The Klismos Chair

March 16 2011, 11:17am

This chair, one of a set of four neoclassical chairs in our collection,  is derived from the klismos chair, a Greek invention that evolved from a simple throne. Splayed, sabre-form legs and uprights connected by a concave backrest are characteristics of these chairs, which became popular in the late-18th and 19th centuries for their gracefulness and lightness of form, as well as their reference to antiquity. The present chairs are illustrative of the variations on the klismos form that occurred at the end of 18th century during the Neoclassical period in Italy, when furniture was relieved of ornament in favor of simple lines more closely modeled on its classical forbears.
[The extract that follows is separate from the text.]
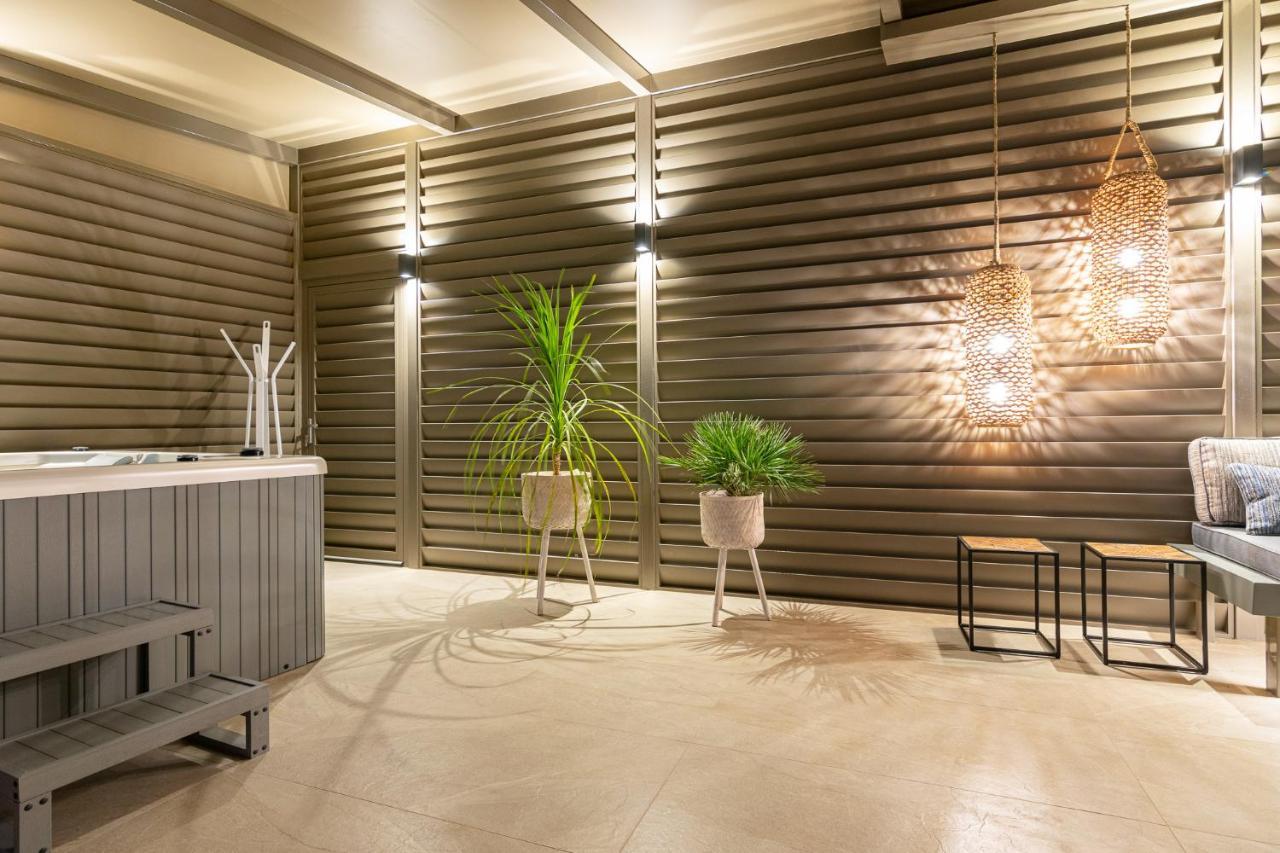Vedi Town Luxury Apartment Закинтос Екстериор снимка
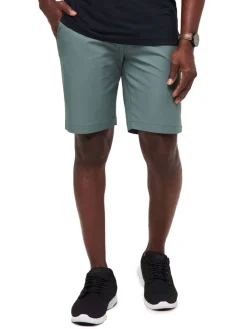 TravisMathew Wanderlust 9-Inch Short - Balsam Green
The design of the present chairs, each with an open back centered by a pierced roundel, is closely related to a set of ten documented chairs in the Villa Borghese, Rome, carved by Lucia Landucci in 1784 (right). Landucci was the daughter, or possibly widow, of Antonio Landucci, principal intagliatore (carver) responsible for the refurbishment of the Villa Borghese. Not much is known about Lucia, but there exists documentation of payments made to her for furniture commissions for the Borghese Palace, including payment for a table made for the Stanza di Apollo e Dafne in 1785. (The table unfortunately no longer exists, but was recorded in drawings by French architect Charles Percier, who visited Rome circa 1786-91.) A reinterpretation of the chairs was also found in the former living room of Queen Friederike Luise at Schloss Monbijou, a Rococo palace in Berlin built in 1706 but destroyed during World War II. Monbijou was redesigned as a gallery to display the Royal collections and opened as a Hohenzollern museum in 1877. The chairs can be seen in situ in the museum in a photograph circa 1930 (left).